That's my feedback on TICK as well, it's pretty hard to debug and implement something like this:

https://github.com/gravitational/monitoring-app/blob/master/...

I looked at flux, and it seems pretty compatible with TICK script, although I don't have a clear understanding on how to make it easy to write alerts/queries and debug them yet.

I would be curious to try out REPL:

> We plan to provide a flux command line program that exposes a REPL and talks to various data sources.

Especially interested to see how easy it would be to edit and troubleshoot a multi-line transformation query like this one in it:

   cpu = data 
       // only get the last 5m of data
       |> range(start: -5m)
       // only get the "usage_user" data from the _measurement "cpu"
       |> filter(fn: (r) => r._measurement == "cpu" and r._field == "usage_user")
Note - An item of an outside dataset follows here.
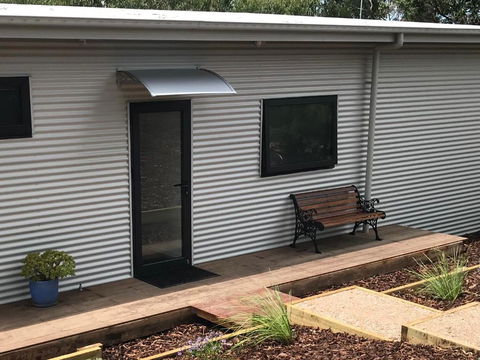 Gillys Guesthouse - Tourism Caloundra 3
Why create a new language vs using javascript or lua?

e.g. your flux example above could have been just:

   let cpu = data.range({start: "-5m"}).filter(func(r){return r.measurement == "cpu" && r.field == "usage_user"})

Is there any specific feature of flux that requires a new language? I read your blog post here:

https://www.influxdata.com/blog/why-were-building-flux-a-new...
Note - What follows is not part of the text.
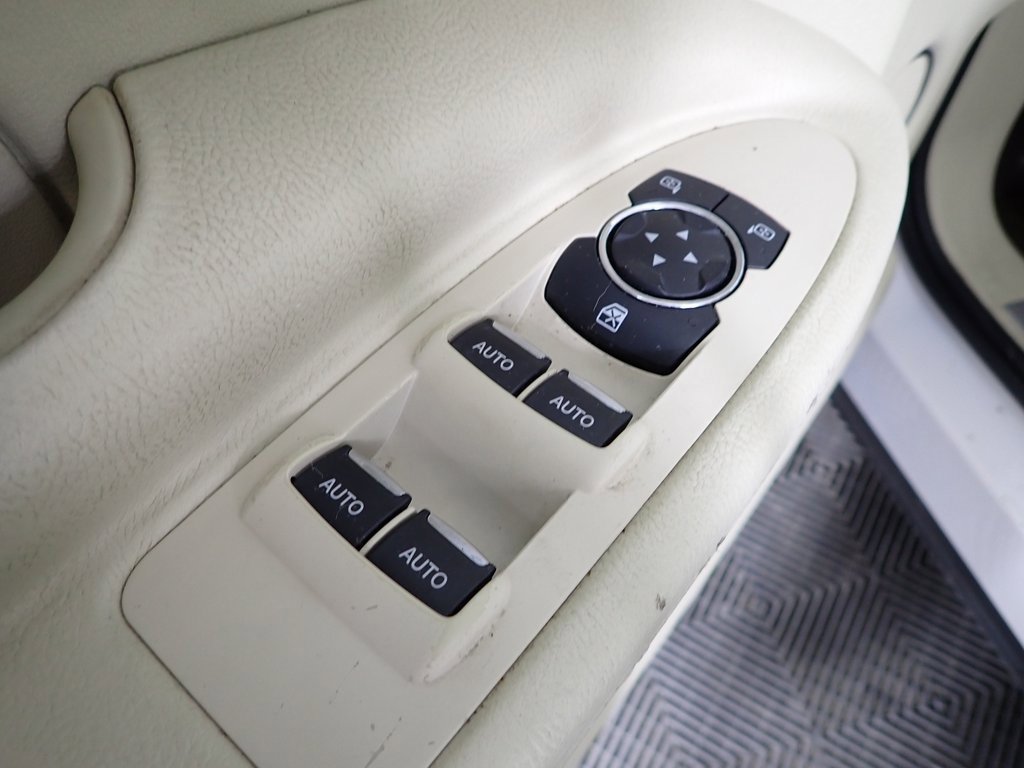 Used 2019 Lincoln MKT AWD image 18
and it brings some valid points on Flux vs SQL, however I would be interested how would it compare as Flux vs Javascript or Flux vs Lua :)

pauldix · on Jan 24, 2019

There isn't a specific feature of Flux that requires a new language, although part of the language is a query planner and optimizer that is tied to certain functions in it. Technically any Turing complete language is equivalent, but in practice that is seldom true. Performance is one vector, but so is expressiveness, aesthetics, ease of use, etc.

We chose not to use Lua because it's not a widely known language. Instead, we chose to create a language that looks and feels much like Javascript, which I think is the most widely used language today. However, we wanted to limit the scope of it and to add new syntax over time to make frequent tasks easier to express.

Any time you create a new API or library, you create new surface area for a developer to know. A language is no different than this. Some languages are also much easier to learn than others. For example, I found Go a language that I could pick up the basics in very quickly, while Rust is something that I'm still learning over months of effort. I like both languages, but their learning curves are very different.

I think Flux is quite easy to pick up for many programmers, although I'll have to see questions and have countless interactions with people trying to learn it to prove that out and make adaptations over time.

Finally, one goal with including the UI in InfluxDB 2.0 is that as we improve it, most users won't have to learn Flux at all. They'll be able to accomplish what hey want by just clicking around the interface. We're not there yet, but it's what we aspire to. And we want to have control over the language to build it in conjunction with UI tooling to automatically manipulate it.

alexk · on Jan 24, 2019

>We chose not to use Lua because it's not a widely known language. Instead, we chose to create a language that looks and feels much like Javascript

This makes sense, in this case why not take strict subset of Javascript?

> Finally, one goal with including the UI in InfluxDB 2.0 is that as we improve it, most users won't have to learn Flux at all. They'll be able to accomplish what hey want by just clicking around the interface.

This will definitely will be helpful, and auto generation makes sense, however in our use-cases we treat Kapacitor alerts as a code that is reviewed.

pauldix · on Jan 24, 2019

Flux is almost a subset of Javascript. There are only two exceptions. Our pipe forward syntax, which I've seen proposed for Javascript, but who knows if that's going to happen. And the other is our named parameters with optional defaults. You can get close to this in JS by passing an object literal combined with destructuring.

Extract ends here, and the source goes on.